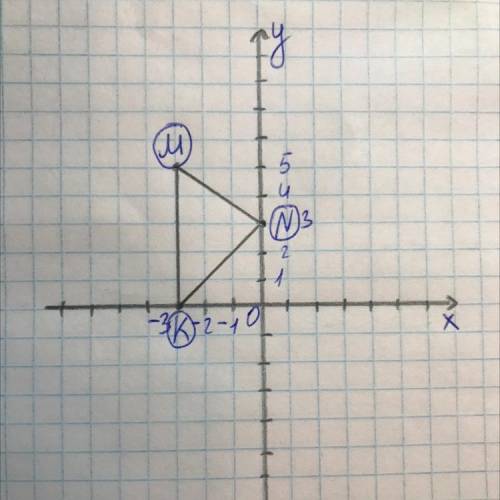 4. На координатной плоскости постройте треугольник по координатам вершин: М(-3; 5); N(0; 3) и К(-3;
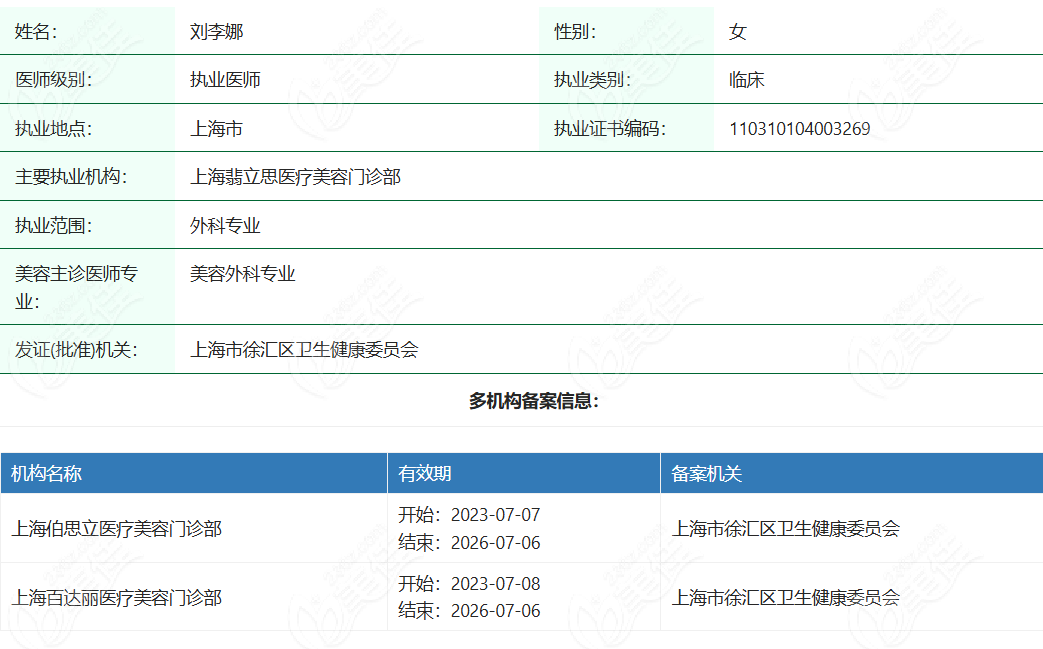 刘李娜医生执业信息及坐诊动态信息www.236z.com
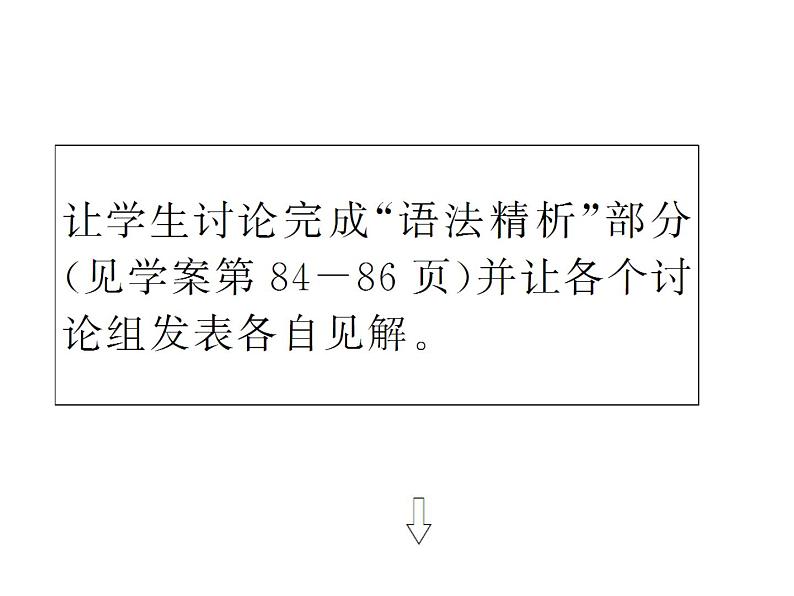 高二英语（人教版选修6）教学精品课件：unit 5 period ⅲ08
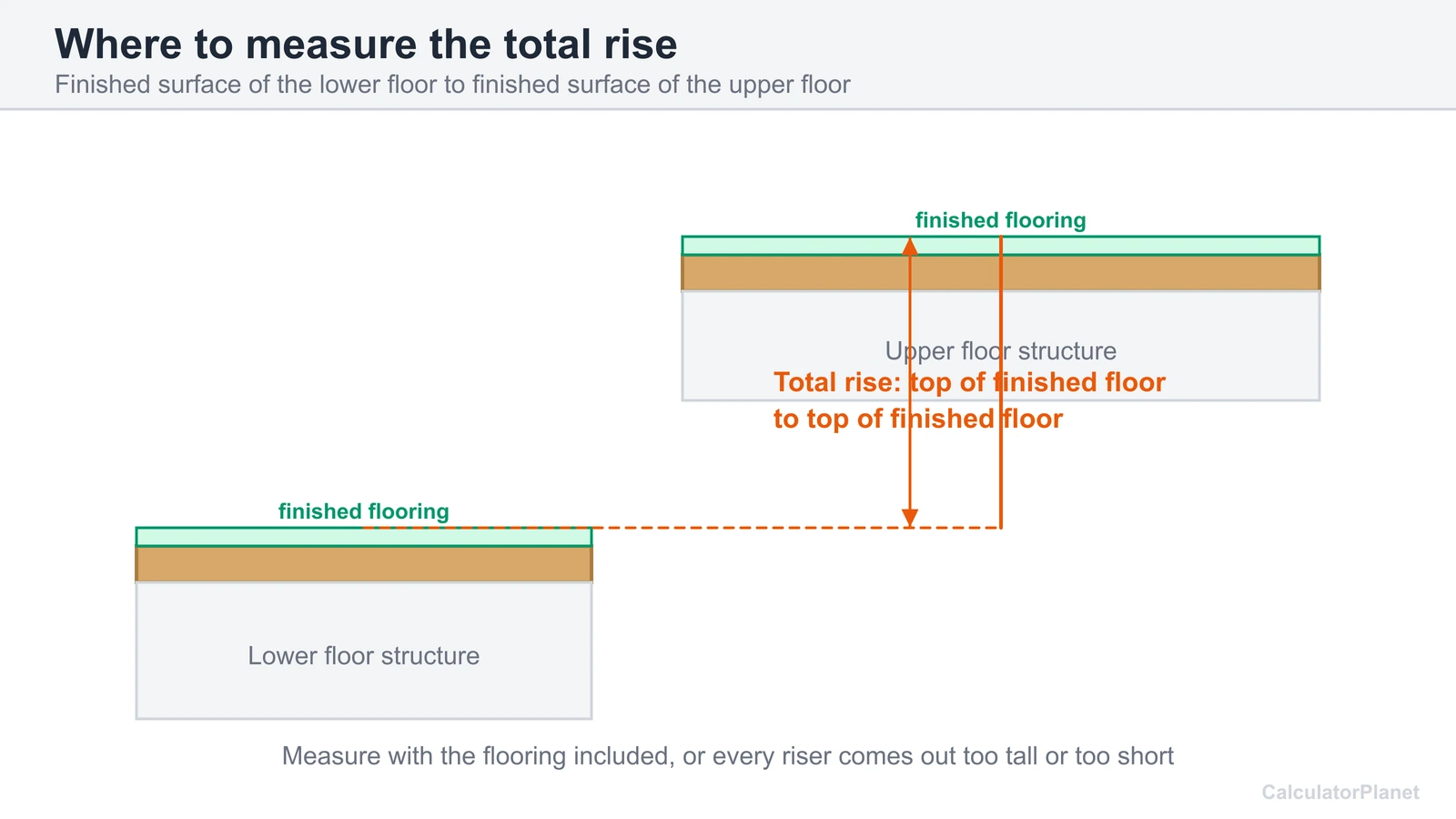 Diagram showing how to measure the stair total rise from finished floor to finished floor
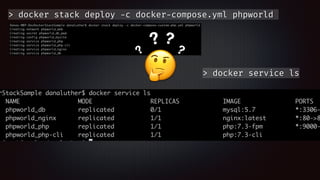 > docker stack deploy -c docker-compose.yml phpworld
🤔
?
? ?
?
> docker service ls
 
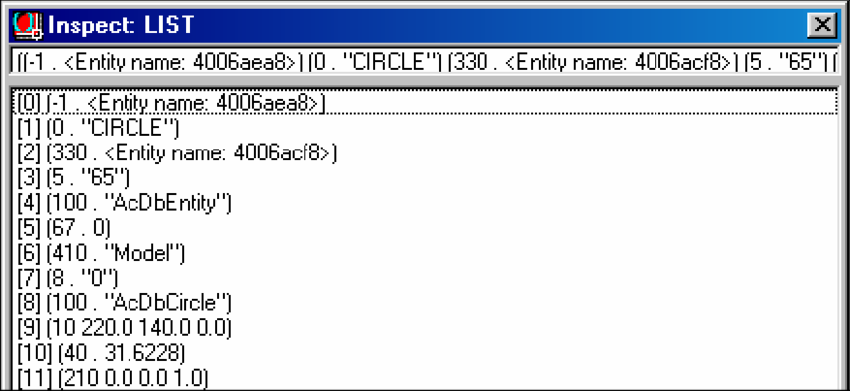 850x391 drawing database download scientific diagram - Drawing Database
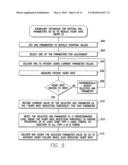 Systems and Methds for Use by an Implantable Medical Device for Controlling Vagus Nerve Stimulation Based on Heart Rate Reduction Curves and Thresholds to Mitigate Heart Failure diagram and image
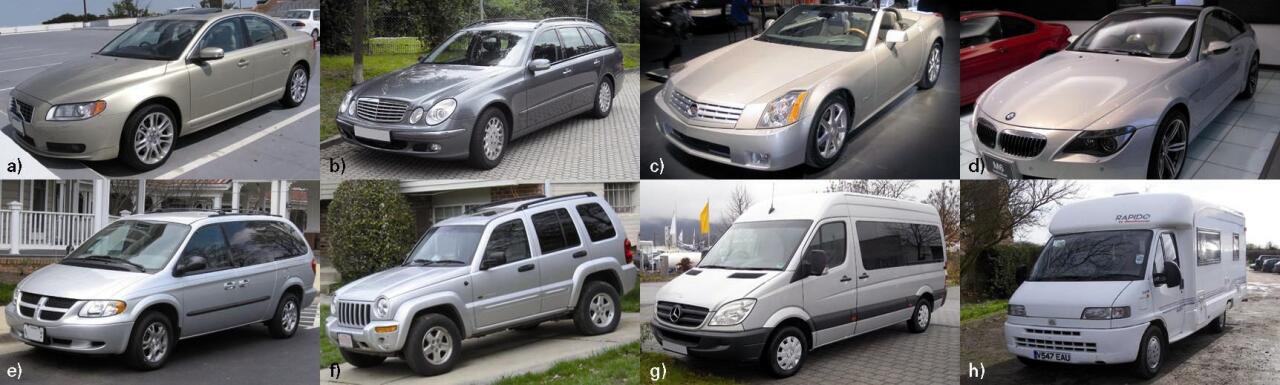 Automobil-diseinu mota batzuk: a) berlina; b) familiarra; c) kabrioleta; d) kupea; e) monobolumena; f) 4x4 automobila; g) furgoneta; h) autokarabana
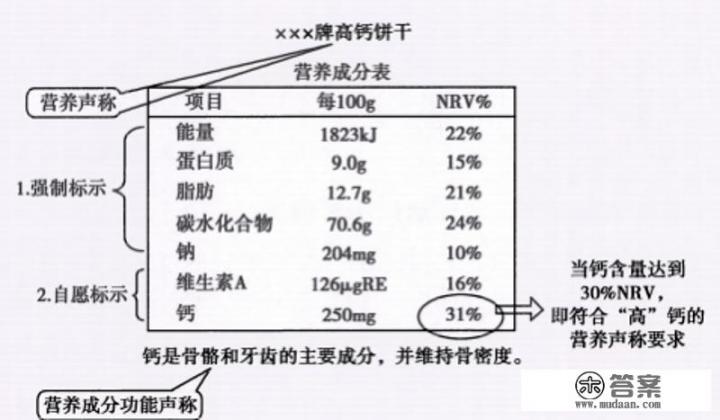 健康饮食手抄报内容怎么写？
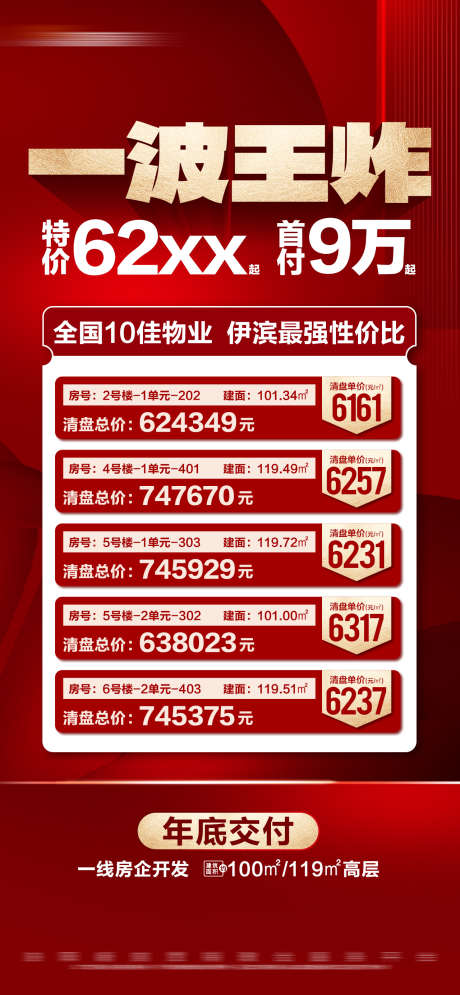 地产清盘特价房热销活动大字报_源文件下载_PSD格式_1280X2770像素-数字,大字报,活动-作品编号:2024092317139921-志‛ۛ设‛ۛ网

• • • • •

Reproduce exactly the lines of the entries above from the first through the line with "docker service ls", both included; pictures should not be reproduced.

 4. На координатной плоскости постройте треугольник по координатам вершин: М(-3; 5); N(0; 3) и К(-3;
 刘李娜医生执业信息及坐诊动态信息www.236z.com
 高二英语（人教版选修6）教学精品课件：unit 5 period ⅲ08
 Diagram showing how to measure the stair total rise from finished floor to finished floor
 > docker stack deploy -c docker-compose.yml phpworld
🤔
?
? ?
?
> docker service ls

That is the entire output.